From “Transforming a Rape Culture” by Emilie Buchwald, Martha Roth and Pamela R. Fletcher.

It was a with a heavy heart and a sickening sense of deja vu that I read through the sordid, sad details of the report written by Professor Alexis Jay into the grooming and horrific torture and sexual abuse of young working class girls in Rotherham, England. In this small town, with a mere 50,000 inhabitants, the author of the report estimates that at least 1,400 girls (and this figure is considered to be on the conservative side, the true number of victims could be far, far greater) were groomed, raped, tortured, trafficked and beaten by groups of Pakistani British men. Even though social workers and small community groups such as Risky Business repeatedly reported their concerns to the police, the council and managers of various agencies, nothing was done. The girls were seen as unreliable, promiscuous liars, drug addicts and/or troubled petty criminals who were asking for it. Some girls were charged by the police with minor criminal offences, whilst the men who were terrorising these children were allowed to continue to abuse with impunity. And they are probably still doing so as you read this.

This is rape culture.

The media commentary and public uproar has been predictable. Whilst the report itself identifies the fact that organisations were wary of mentioning the ethnicity of the offenders for fear of being perceived as racist as adding to the failure to protect these vulnerable young women, it also exposes the fact that, yet again, the voices of young girls when accusing powerful, well-connected men were disbelieved, discounted and ignored.

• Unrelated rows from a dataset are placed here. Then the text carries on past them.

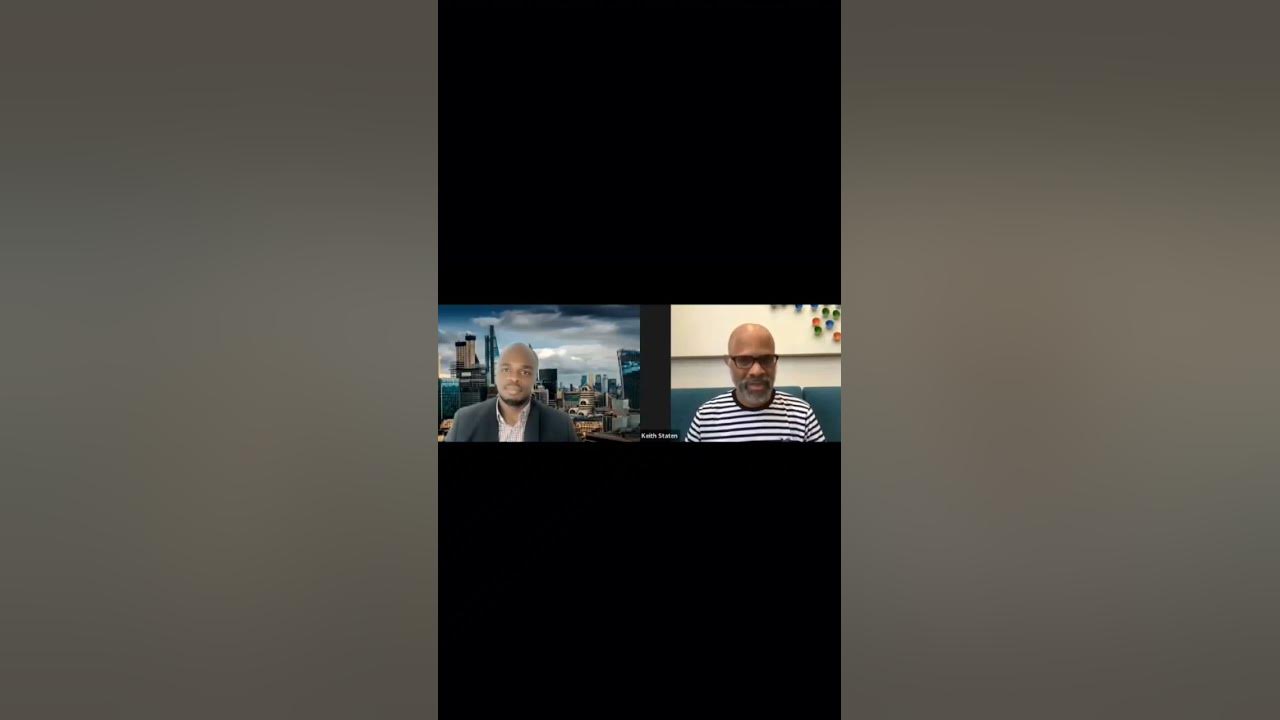 Keith Staten on impact of Commissioned & Jamie Foxex's tribute #jamiefoxx #rnb #gospel #fredhammond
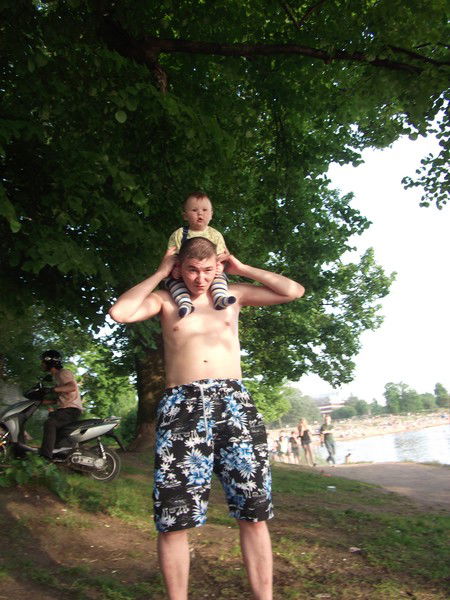 Феликс Шахов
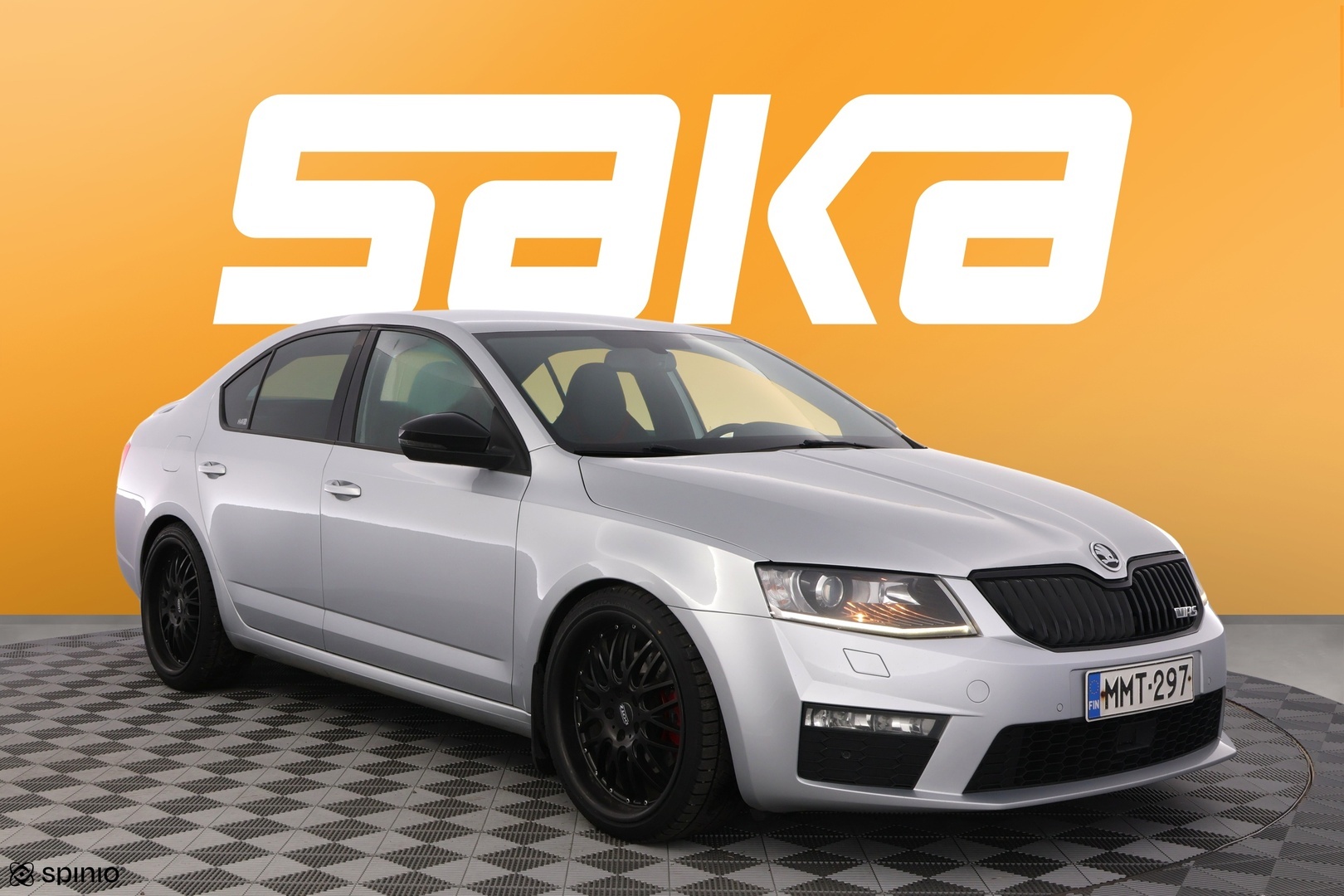 SKODA Octavia 2016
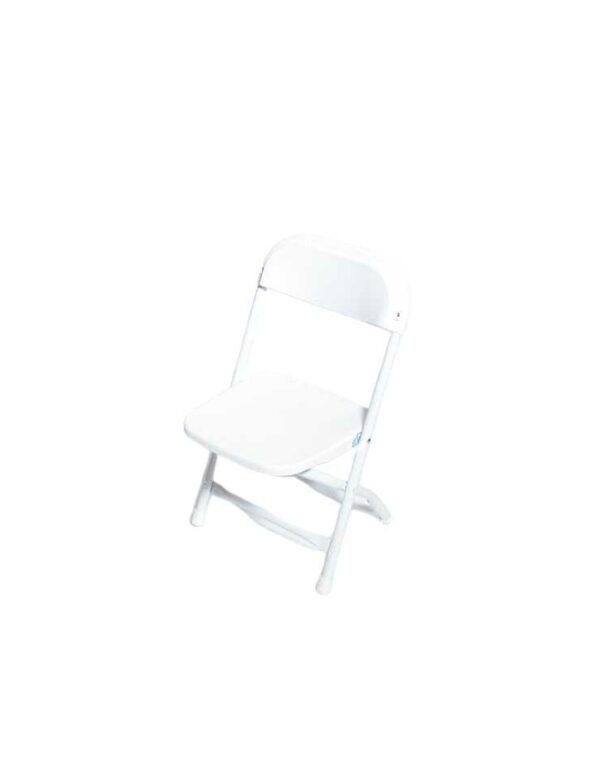 Childs Folding Chair - 1 - RSVP Party Rentals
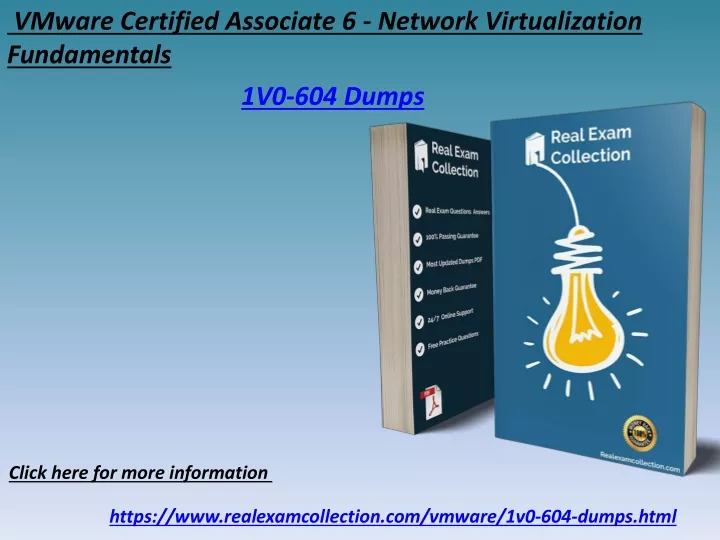 vmware certified associate 6 network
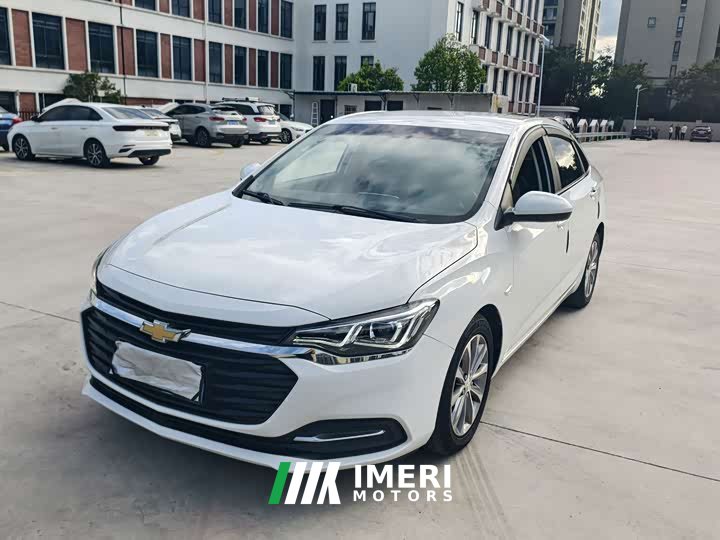 Chevrolet Cruze 2020 320 Automatic Enjoy Edition - ავტომობილი ჩინეთიდან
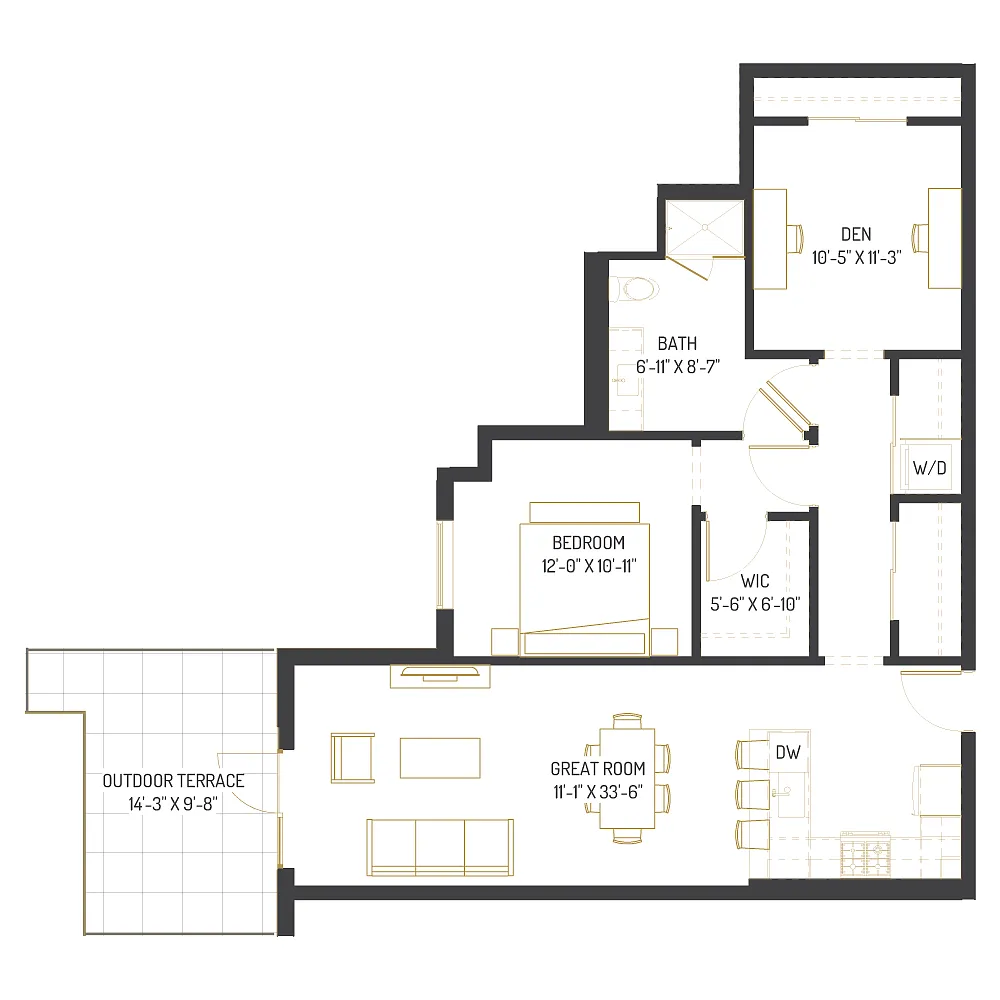 Floor plan C46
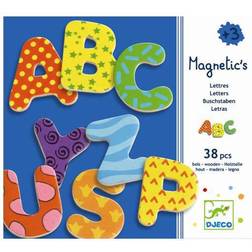Djeco Magnets Letters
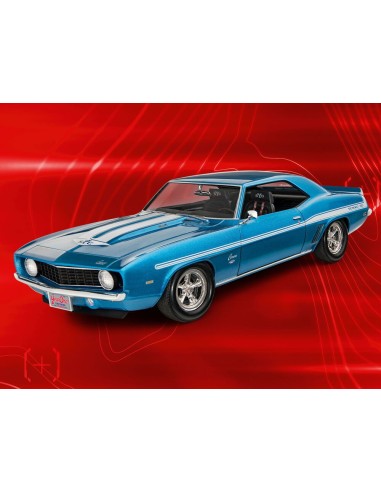 Model Set F&F 1969 Chevy Camaro Yenko 
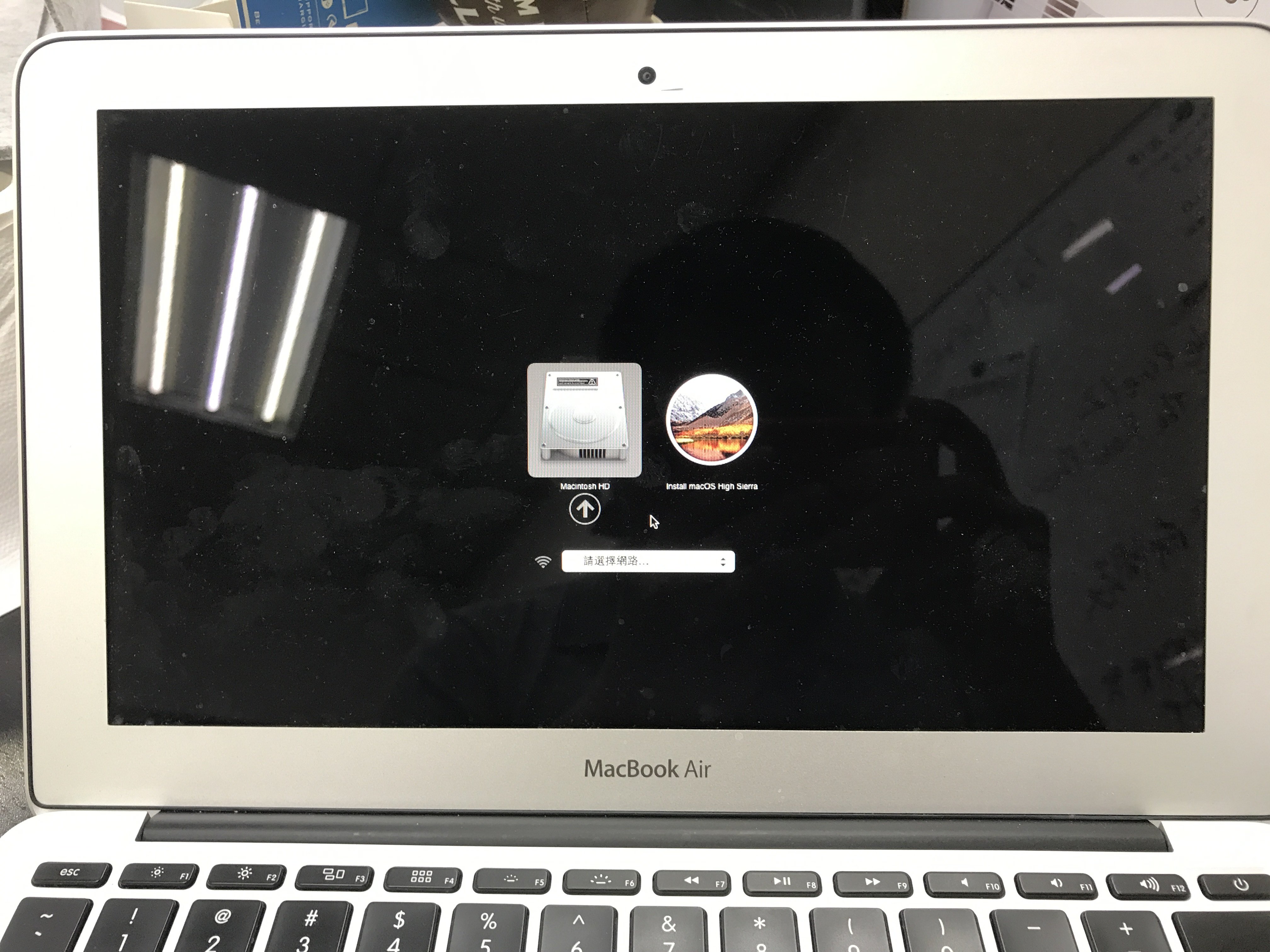 create usb drive macos high sierra installer 13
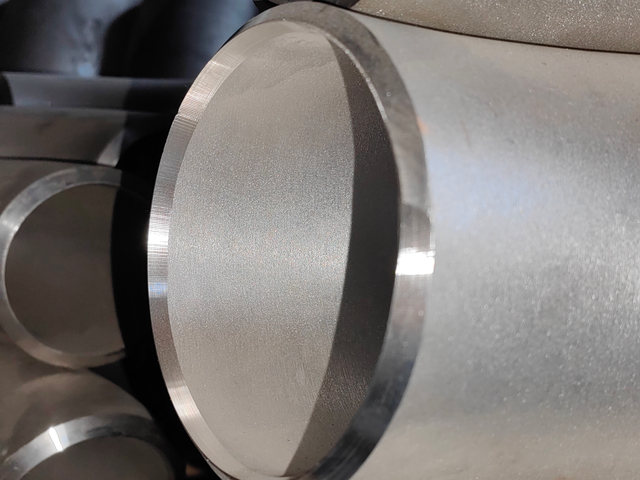 Industria della saldatura Acciaio inossidabile Tutti i gomiti piegati in vendita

In the wake of similar grooming and abuse cases involving British Pakistani men and young white working class girls in Derby, Rochdale and Oxford, it’s clear that there are big issues to address about the misognystic attitudes of a significant minority of young men within the British Pakistani community. And yet … I read comment after comment demonising all Muslims, all Asians, all Pakistanis in the wake of these horrors. It’s very easy for us to demonise communities we see as foreign, as other. Have we already forgotten these names … Jimmy Saville, Max Clifford, Rolf Harris, Ian Watkins and Stuart Hall? Why are we not asking the same questions of what we perceive as our own culture, and asking whether British societal values have had a part to play in these dreadful events? Rapists and child abusers are white, black, brown and yellow. They are Muslim, Christian, Hindu, Jewish and atheist. They are poor, rich, working, middle and upper class. There are few common denominators. But they do exist; the vast majority of those who commit sexual offences are male, and these crimes are committed mainly, although by no means exclusively, against women and girls. Our collective refusal to admit that there is a huge problem with sexual violence against women and girls in this country allows this abuse to continue unhindered.

This is rape culture.

How many more police investigations will it take for us to admit that we are failing women and girls? How many more resignations and reports and children raped and women beaten and murdered do we need to prove to the general public that we live in a deeply misoygnistic society that sees the stories of vulnerable women as lesser testimony than the words of powerful men? Despite the recent onslaught of cases of sickening abuse, we still read columns in the newspapers saying urging us to let sleeping dogs lie, it’s all a witchhunt, that women and children who were assaulted and abused all these years ago don’t deserve justice, and that perverted old men should be left in peace.

This is rape culture.

Take a look at these Government statistics for England and Wales. Between the years of 2009/10 and 2011/12 an average of 78,000 people were raped; 69,000 were women, 9,000 men. As rape is a hugely under-reported crime, the true figures are likely to be much higher. 4.6 % of all women aged between 16 and 59 have been the victims of rape or attempted rape. In 2011/12, one in five females between the ages of 16 and 59 have been the victim of a sexual offence or attempted sexual offence since the age of 16. Again, the true figure is likely to be much higher. Despite these astronomical figures (which are conservative estimates), on average there are only 1,097 rape convictions (across both genders) every year.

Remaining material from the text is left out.